Comment expliquez-vous qu'à la Ligue on se soit entêtés à ce point sur une reprise du championnat ?
Je crois que la gouvernance de la Ligue est très critiquable et que ça manque d'un gouvernail solide. Tous les intérêts corporaristes s'expriment. Ceux des clubs sont différents. Certains veulent à tout prix gagner la Ligue des champions au mois d'août. D'autres veulent être européens, monter ou ne pas descendre. Mais il faut un cap clair, et ce cap clair n'a pas existé ces derniers temps ! Il faudra tirer des enseignements de cette crise qui n'est pas terminée, et aujourd'hui je constate que la gouvernance de la Ligue est impossible.
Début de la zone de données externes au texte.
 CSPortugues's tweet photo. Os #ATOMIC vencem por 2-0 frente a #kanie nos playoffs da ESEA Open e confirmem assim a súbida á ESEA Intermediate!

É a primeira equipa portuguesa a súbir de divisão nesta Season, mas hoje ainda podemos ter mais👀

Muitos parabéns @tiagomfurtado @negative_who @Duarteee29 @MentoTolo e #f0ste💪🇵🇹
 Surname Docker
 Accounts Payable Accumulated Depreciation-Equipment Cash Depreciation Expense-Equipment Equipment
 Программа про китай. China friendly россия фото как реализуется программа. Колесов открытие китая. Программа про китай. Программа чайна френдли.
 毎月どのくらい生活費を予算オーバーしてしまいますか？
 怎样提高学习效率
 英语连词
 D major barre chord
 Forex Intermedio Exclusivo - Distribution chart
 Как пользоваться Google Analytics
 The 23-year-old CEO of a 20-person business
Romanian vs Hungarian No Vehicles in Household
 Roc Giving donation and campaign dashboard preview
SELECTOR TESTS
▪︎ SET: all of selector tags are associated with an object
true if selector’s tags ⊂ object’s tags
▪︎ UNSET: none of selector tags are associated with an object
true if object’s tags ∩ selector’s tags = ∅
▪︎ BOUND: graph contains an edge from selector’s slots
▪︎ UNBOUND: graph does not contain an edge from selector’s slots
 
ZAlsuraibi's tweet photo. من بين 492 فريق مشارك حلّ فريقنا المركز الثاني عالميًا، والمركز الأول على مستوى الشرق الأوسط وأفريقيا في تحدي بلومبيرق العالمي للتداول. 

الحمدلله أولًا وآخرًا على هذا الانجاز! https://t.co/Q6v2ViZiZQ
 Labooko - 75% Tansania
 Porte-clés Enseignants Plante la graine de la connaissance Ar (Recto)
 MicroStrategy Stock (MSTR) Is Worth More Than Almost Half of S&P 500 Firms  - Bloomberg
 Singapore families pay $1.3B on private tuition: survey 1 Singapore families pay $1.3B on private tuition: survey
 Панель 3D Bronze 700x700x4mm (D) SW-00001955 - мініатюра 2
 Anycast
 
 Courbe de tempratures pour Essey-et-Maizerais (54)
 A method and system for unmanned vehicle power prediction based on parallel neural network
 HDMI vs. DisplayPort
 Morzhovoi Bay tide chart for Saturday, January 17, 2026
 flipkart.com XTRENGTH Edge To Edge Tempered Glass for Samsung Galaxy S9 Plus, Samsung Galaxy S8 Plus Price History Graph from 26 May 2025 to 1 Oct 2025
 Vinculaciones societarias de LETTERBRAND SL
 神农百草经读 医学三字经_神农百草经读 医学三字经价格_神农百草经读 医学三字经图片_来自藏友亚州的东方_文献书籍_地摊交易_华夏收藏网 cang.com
Il faut refonder une gouvernance efficace, un peu à l'image de celle de la Fédération, qui est parfois critiquée, mais où il n'y a pas tous ces intérêts contradictoires qui s'expriment, avec des décisions du conseil et du bureau qui sont bafouées, et des prises de positions de l'assemblée générale qui sont mal préparées. Il faut remettre de l'ordre là-dedans ! On a une présidente (Nathalie Boy de la Tour) et un directeur général (Didier Quillot) qui ne sont pas toujours d'accord, c'est le moins que l'on puisse dire. Ça se voit et ils le disent. À partir de là, comment voulez-vous préparer sérieusement une gestion de reprise ? Je ne dis pas que ce sera facile de trouver un compromis pour repenser la gouvernance de la Ligue, mais mettre en place un modèle avec uniquement des intérêts contradictoires n'est pas la bonne solution. Il faut repenser un autre modèle.
"Un joyeux foutoir"
Selon vous, il doit donc y avoir un avant et un après à la LFP ?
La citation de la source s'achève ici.